Net Zero is a way to design a solar system for the most common billing method in the US and especially Texas. It works a lot like "roll-over minutes" did for cell phones before unlimited plans became the norm. Greater Texas Solar designs the system to generate a percentage of your yearly kWh (kilowatt hours) usage. Since daylight varies throughout the year the system will generate a lot more kWh's during the summer than in the winter, and this extra generation rolls over as a credit to be used during times when the system is not generating as much (such as on cloudy days).
Your utility company keeps track of each kilowatt-hour of electricity generated by your solar panels and takes each kilowatt hour off your electric bill at full retail rates. You build credit during the day and use the grid at night. Most utility companies will tally the credits and refund you any overage at the end of the year, although this may vary depending on your provider.
The Business Energy Investment Tax Credit (ITC) & Residential Renewable Energy Tax Credit was approved in Congress in 2015 which extended the solar panel tax credit.
Your bill depends mainly on how your specific utility handles solar interconnections. Most utility companies have small fees for which they bill regardless of how much solar you generate. An example would be your "meter charge." However, in all cases, you will see a decrease in the energy you purchase from your utility on your bill. This is because the power generated will be used by your house before any excess is fed back into the grid. This excess generation is what becomes "Net Zero" billing.
Panels can be roof mounted on a home or barn, carport or other buildings.

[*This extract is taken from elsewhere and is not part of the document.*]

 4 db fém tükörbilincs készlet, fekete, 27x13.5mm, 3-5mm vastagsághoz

Once a roof location is chosen, Greater Texas Solar will look for any issues such as tree or chimney shadows that require attention before installation.
South or Southwest facing roofs are the most effective. East and West facing roofs will work well but may require more solar panels to compensate for the orientation. Ground-mounted panels are also an option, either with a fixed tilt.

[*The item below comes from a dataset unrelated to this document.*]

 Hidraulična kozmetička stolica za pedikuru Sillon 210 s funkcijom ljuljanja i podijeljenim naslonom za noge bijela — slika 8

The lifespan of solar panels can exceed 40 years. Most manufacturer's warranties cover 25-30 years with an industry standard of 25 years for a certain percentage of power production.
We have found a good rule of thumb to be; if it mounts on the roof, it will have a 25 to 30-year warranty, this includes panels, racking, micro-inverters, and power optimizers. The items that are mounted elsewhere like string inverters, safety disconnects, and monitoring systems have warranties that can vary quite a bit. Greater Texas Solar provides a 2-year workmanship warranty with every install.

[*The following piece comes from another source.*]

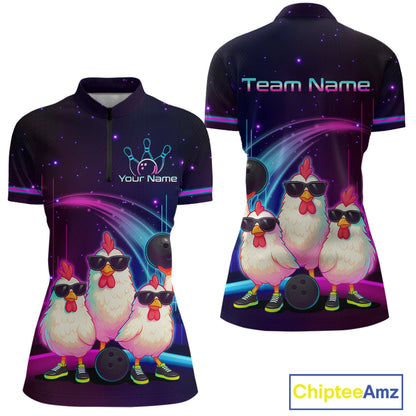 Neon Funny Family of Three Chicken Bowling Team Shirt for Women Bowling League Jersey QZT761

Homes with Solar power sell for more money as an industry standard. To calculate how much solar has increased the value of your home, multiply the savings (example $250) by 12 months and then multiply that by 25 years. This calculation does not account for inflation or rising energy rates, which would add more to the value. Bottom line, the long-term savings over 25-years is about $75,000 and the value of your home is automatically increased at resale.
Texas offers a total exemption for solar, so property taxes cannot be raised based on solar panels being added to your home.